Extract the opening line of the entries and every line after it, stopping at and including the line that contains "Excel 論文向けのグラフを作るコツ Toyeicの骨骨派遣会社". Do not include pictures.
BEGIN AVAILABLE RECORDS
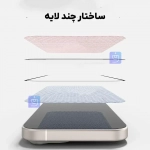 گلس فول هورو Red Dragon گوشی Samsung Galaxy A37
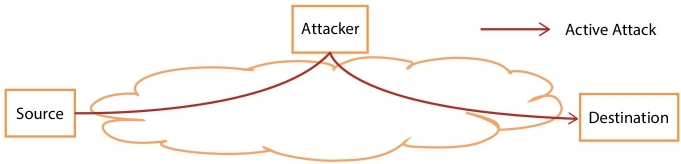 Diagram illustrating active attack displaying a cloud shape with an arrow from a box labeled “Source” (left side) to a box labeled “Attacker” (top-middle side) leading to a box labeled “Destination” (right side).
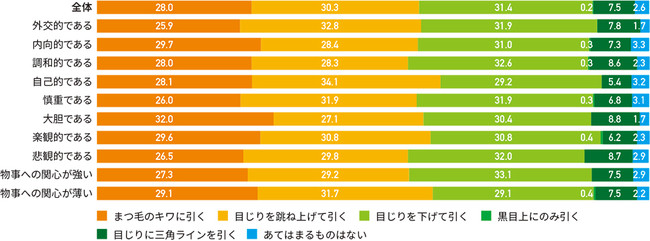 メイクの仕方【アイライン】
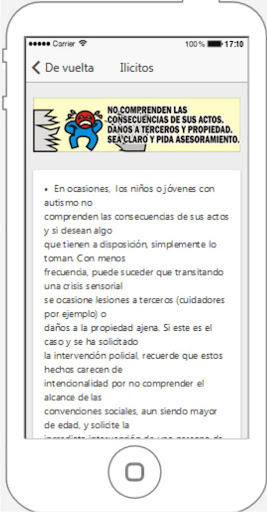 TEA Seguridad Ciudadana NQN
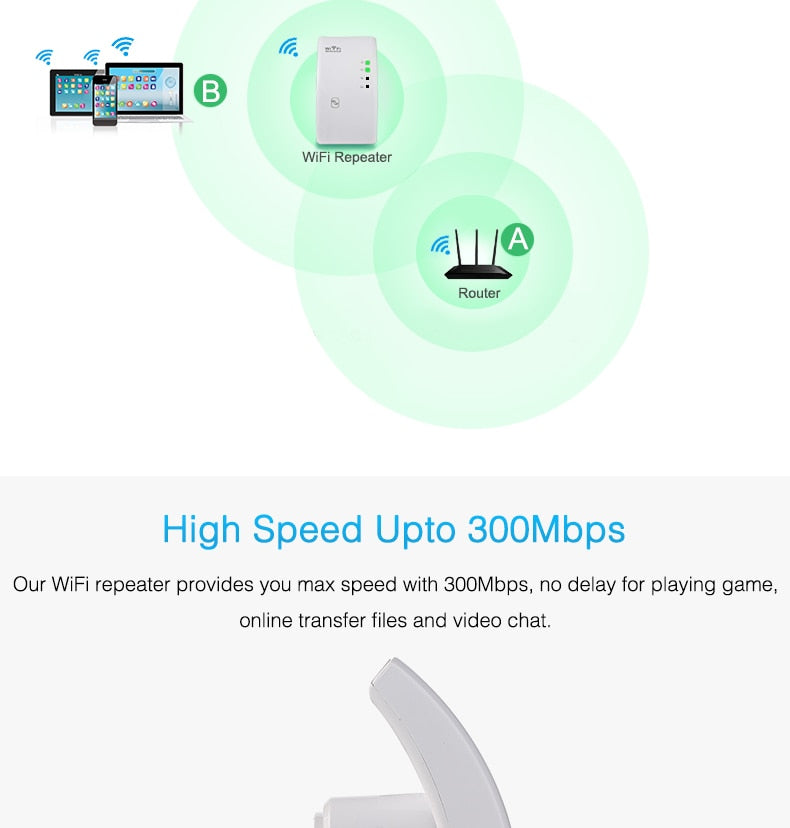 Répéteur WiFi 300Mbps 2,4GHz – Amplificateur de Signal, VPN, Prise EU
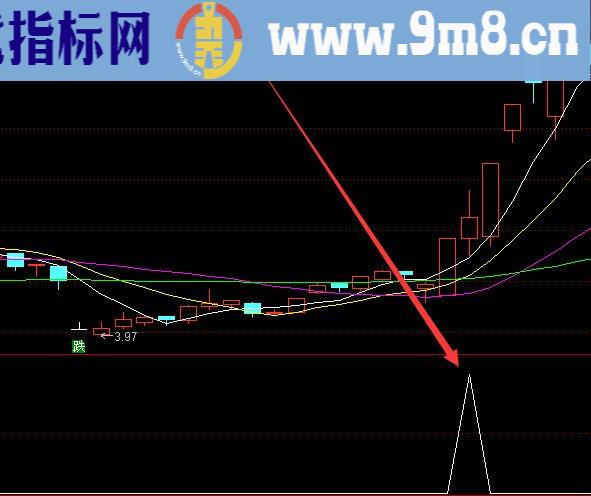 容易选出大涨的最实用最精准抄底股票指标公式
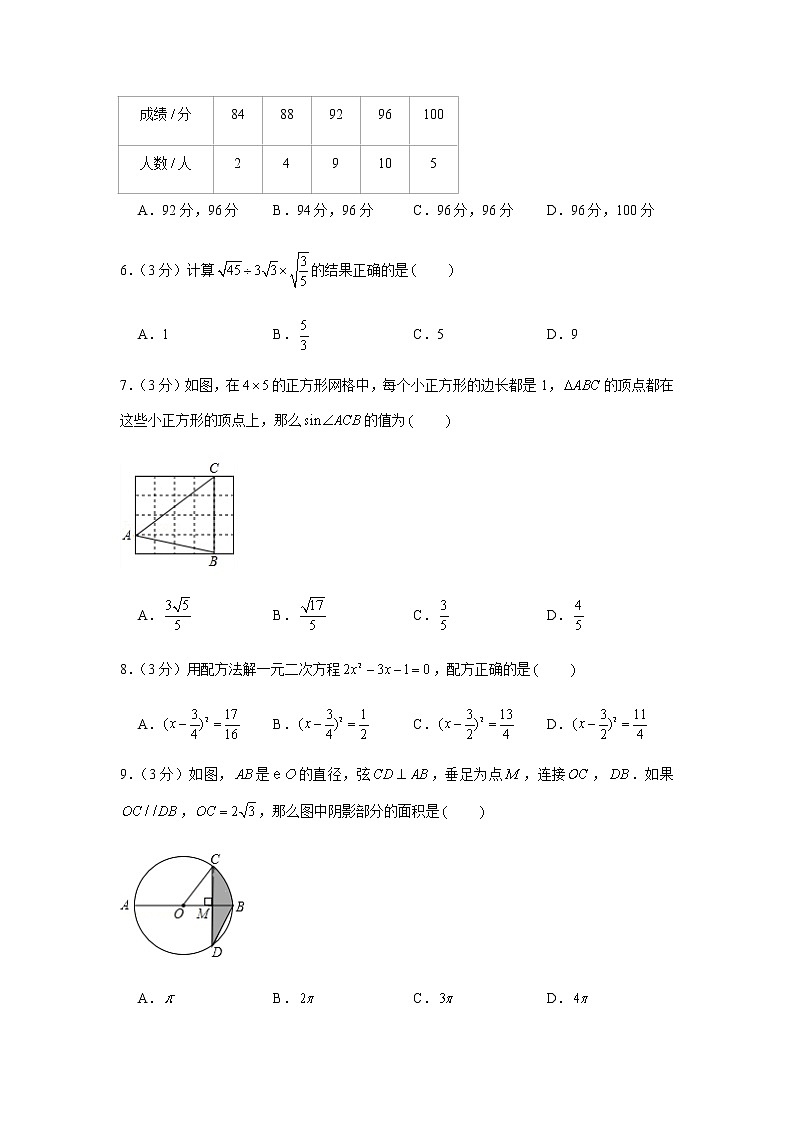 2020年山东省聊城市中考数学试卷02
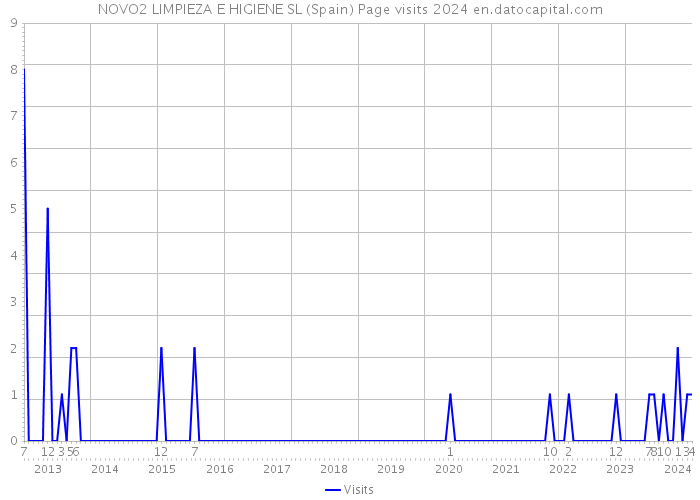 NOVO2 LIMPIEZA E HIGIENE SL (Spain) Page visits 2024 
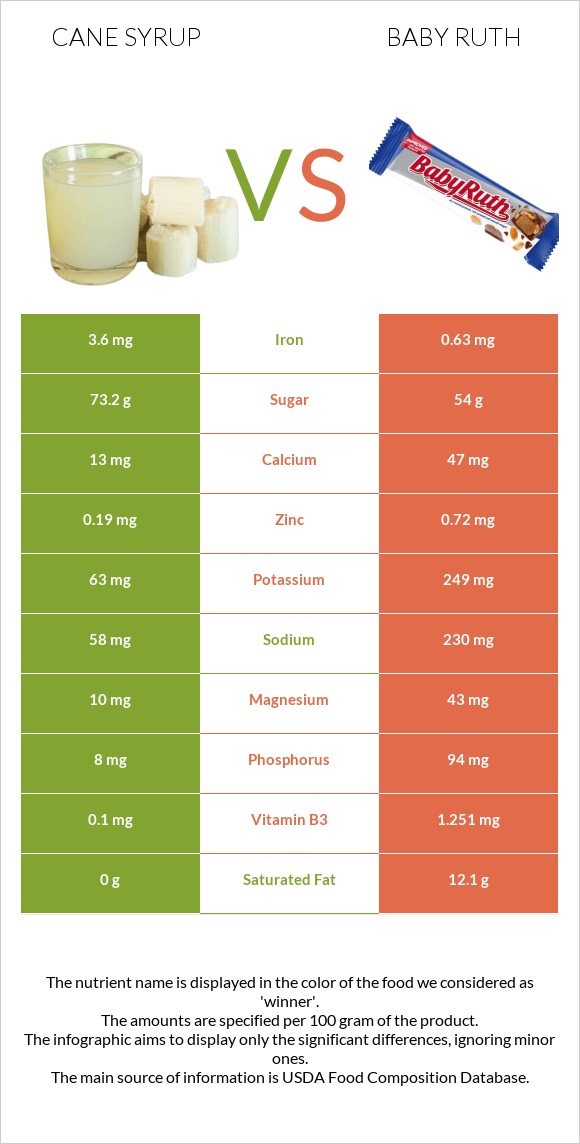 Եղեգի օշարակ vs Baby ruth infographic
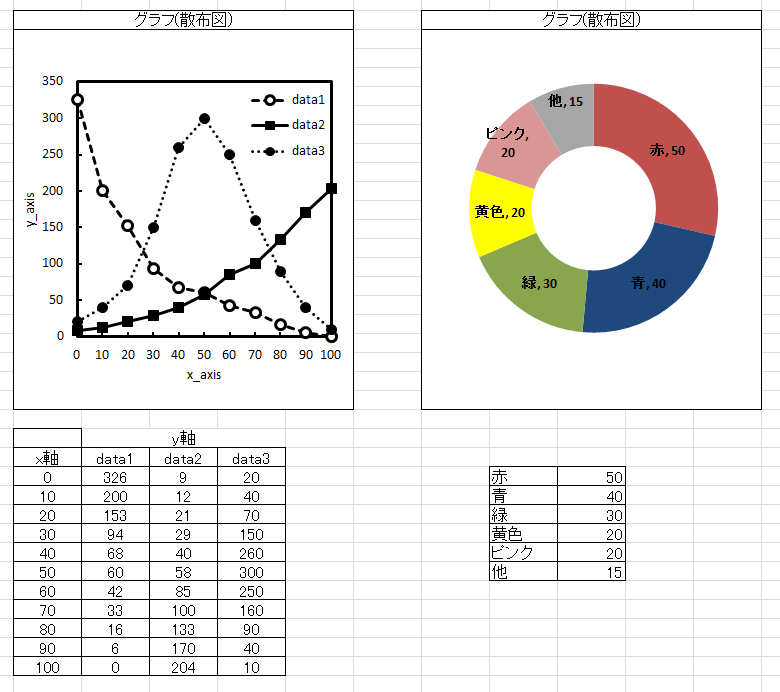 Excel 論文向けのグラフを作るコツ Toyeicの骨骨派遣会社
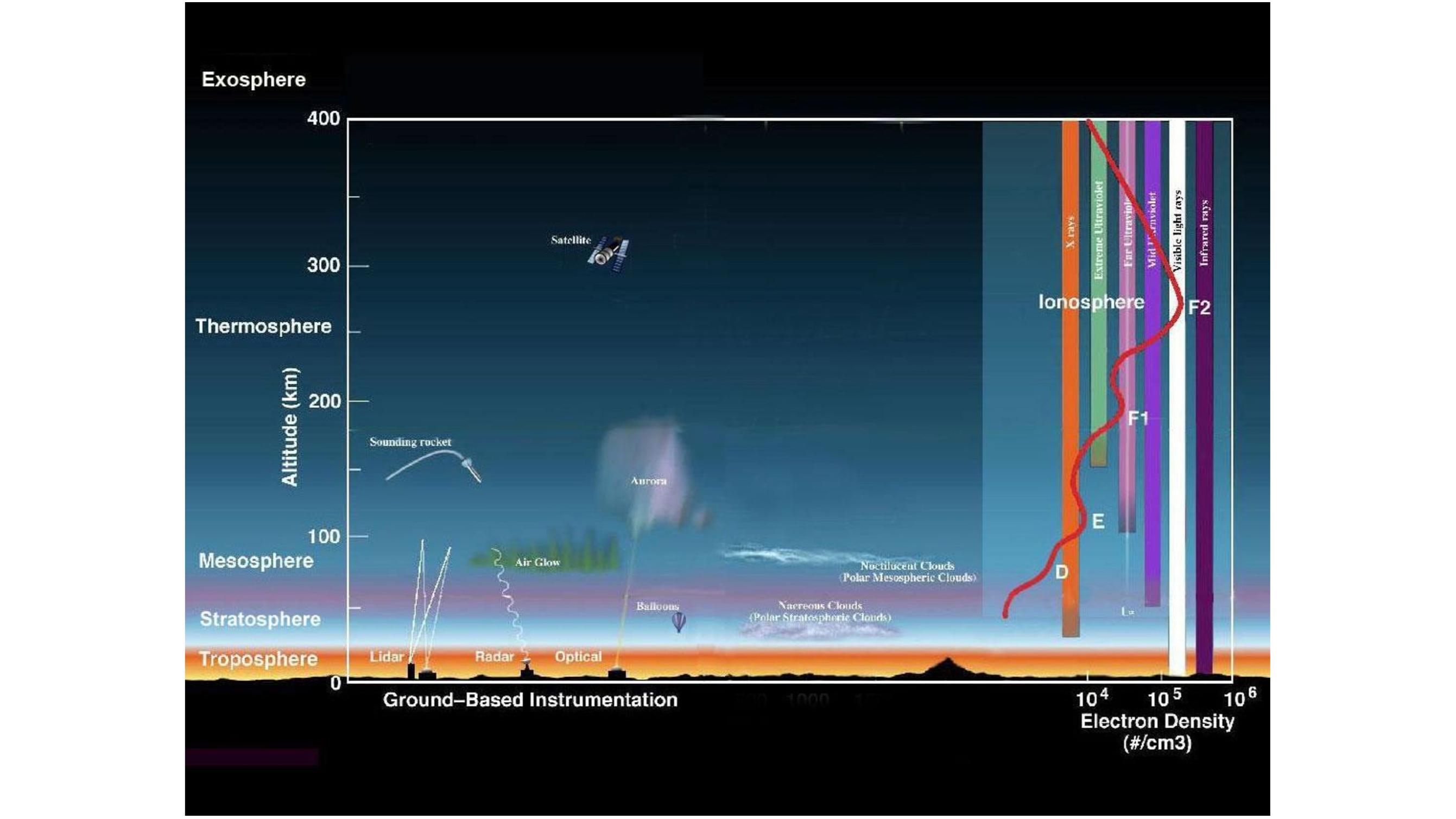 The different layers of Earth's atmosphere. Spacecraft in low Earth orbit, such as the Hubble Space Telescope (pictured here) and the ISS, orbit in the thermosphere, while falling objects burn up in the mesosphere.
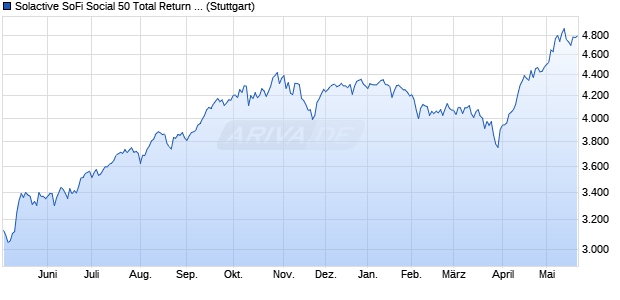Solactive SoFi Social 50 Total Return Index Chart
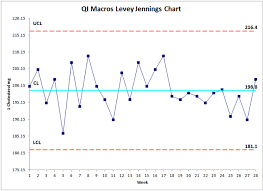 Levey Jennings Control Chart Excel Standard Deviation Chart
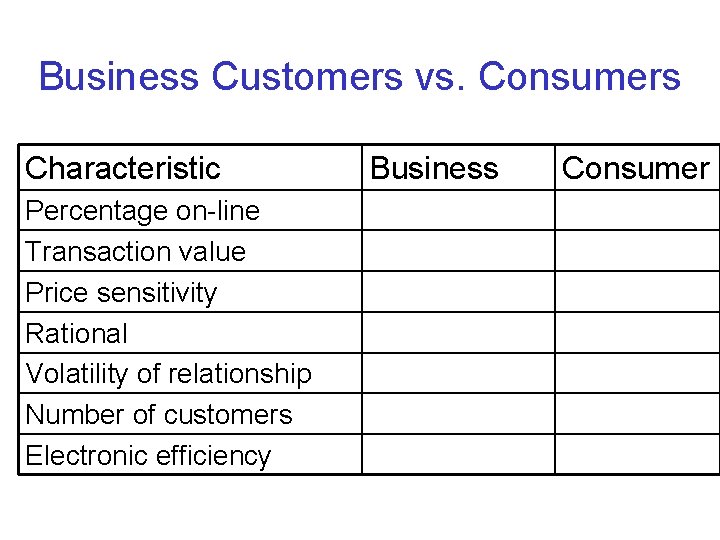 Business Customers vs. Consumers Characteristic Percentage on-line Transaction value Price sensitivity Rational Volatility of Business Customers vs. Consumers Characteristic Percentage on-line Transaction value Price sensitivity Rational Volatility of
END AVAILABLE RECORDS
__RESULT__.
 گلس فول هورو Red Dragon گوشی Samsung Galaxy A37
 Diagram illustrating active attack displaying a cloud shape with an arrow from a box labeled “Source” (left side) to a box labeled “Attacker” (top-middle side) leading to a box labeled “Destination” (right side).
 メイクの仕方【アイライン】
 TEA Seguridad Ciudadana NQN
 Répéteur WiFi 300Mbps 2,4GHz – Amplificateur de Signal, VPN, Prise EU
 容易选出大涨的最实用最精准抄底股票指标公式
 2020年山东省聊城市中考数学试卷02
 NOVO2 LIMPIEZA E HIGIENE SL (Spain) Page visits 2024 
 Եղեգի օշարակ vs Baby ruth infographic
 Excel 論文向けのグラフを作るコツ Toyeicの骨骨派遣会社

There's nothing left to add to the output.